Kiana V is about to embark on a big year in 2025, with an upcoming album and a wedding planned. As the year comes to a close, she speaks to Vogue Philippines about love in the now.
Kiana Valenciano, known professionally as the musician Kiana V, knows how to linger. Smooth, buttery vocals, catchy hooks, and production that blends R&B and electronic influences make for surefire earworm material. Since her debut in 2017, her music has offered deeply personal reflections on love, loss, and longing that are effortlessly resonant.
“When I write, it’s just me trying to process things,” she says. “I think that’s why it resonates with people who feel deeply.” It has always been important for her to approach music by prioritizing honesty over perfection. “I don’t think about making the perfect song,” she shares. “I think about making something honest.”
Of course, Kiana V grew up immersed in music. Her father, OPM pioneer Gary Valenciano, exposed her to the art from an early age. Yet, she resists the weight of expectations tied to her family legacy, focusing instead on carving her own path. “My dad always told me to stay true to my voice,” she explains. “That advice shaped how I approach everything.”

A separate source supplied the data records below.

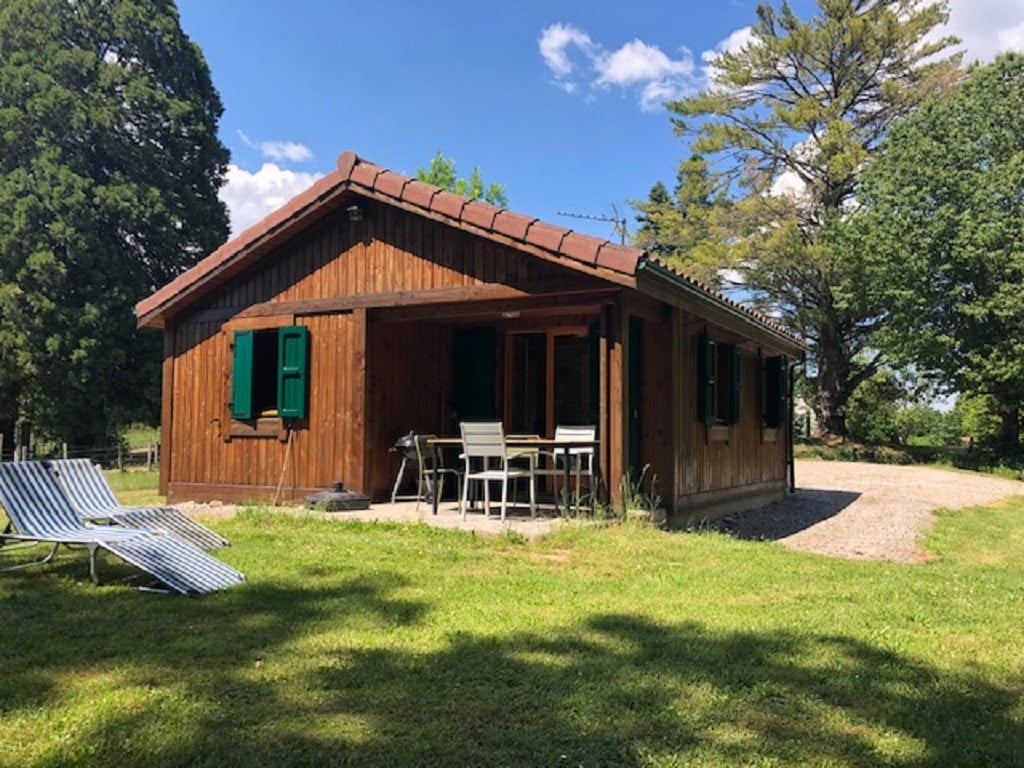 A wooden chalet is set within a green landscape, featuring a covered terrace with outdoor seating. Sun loungers are placed on the grass, and trees provide natural shade, contributing to a peaceful outdoor environment.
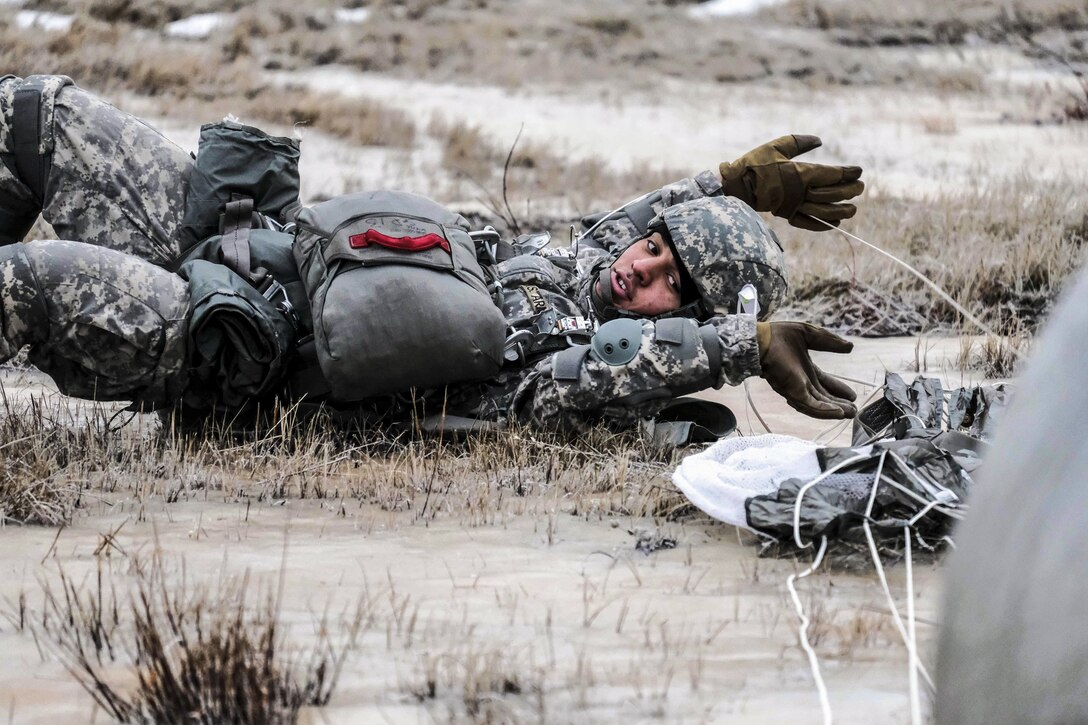 A soldier lies on the ground and reaches his arms above his head.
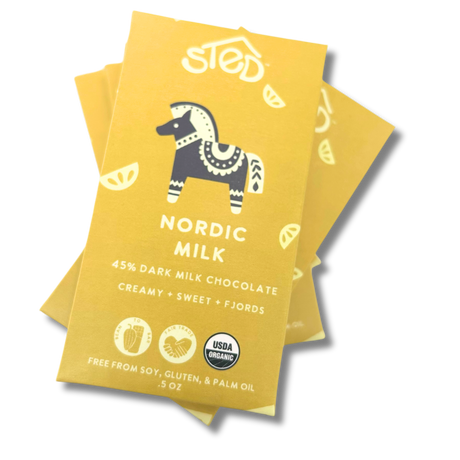 Three yellow Nordic Milk chocolate wrappers with a stylized horse and USDA Organic logo arranged on a white background.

Recently, Kiana V released the track “Sana,” created during a songwriting camp in LA run by Mono Stereo Groove. The track is a heartfelt nod to her family, incorporating a sample from her father’s classic ballad “Sana Maulit Muli,” which her mother wrote the lyrics of.
She co-wrote the reinterpreted track “Sana” with Rose Tan, and although there was no pressure to reinterpret the song, the process felt incredibly natural and organic. “It was a great experience for me because it was a room in the middle of Hollywood full of Filipino creatives, Filipino songwriters, producers, engineers. I just left the room incredibly proud and missing home and missing family,” the musician recalls. “More than anything, I felt like I wanted to embrace who I was, and I was in an amazing room of these Filipino collaborators, and we ended up with ‘Sana.'”
At the moment, Kiana V is gearing up to release a full-length album, which she says is inspired by experiences she had before she met her current partner. “It’s really quite retrospective: I’m singing about my past, how it slowly led me to who I am now, or how I love now,” she shares. “It’s so funny because I’m in love now, then I have to sing about songs about letting go, and the past … and I’m like, bye. Actually, I don’t really feel that anymore, I’m just singing about this because it’s funny that I went through it. If you’re going through it now, godspeed.” The album will be her first full-length album since 2019’s See Me, and is slated to be released sometime next year.
The young musician reflects on the trust and vulnerability required when creating music. “It’s surprising how something so specific can resonate, not because someone’s experienced the exact same thing, but because they’ve gone through something similar,” she says. “That’s what draws us to artists who are open about their most intimate moments. We’ve all faced pain, insecurities, and self-doubt, and while we each deal with them in our own ways, there’s something about hearing that authenticity, whether in their writing or performance, that clicks internally.”
Something does click with the music that flows through the speakers. She circles around love often: the subtle complexities of relationships, quiet moments of affection, uncertainty, and self-reflection. Surrounded by love, the musician is endlessly inspired, saying that the themes she explores in her music are the conversations she indulges in with her own friends, family, and fiancè.
“My music often explores love and identity from a millennial woman’s perspective, reflecting on who I am, what I offer. Love is such a big part of being human,” she muses. “It’s not just romance: it’s the love you give yourself, the love you hold back, the love that evolves.”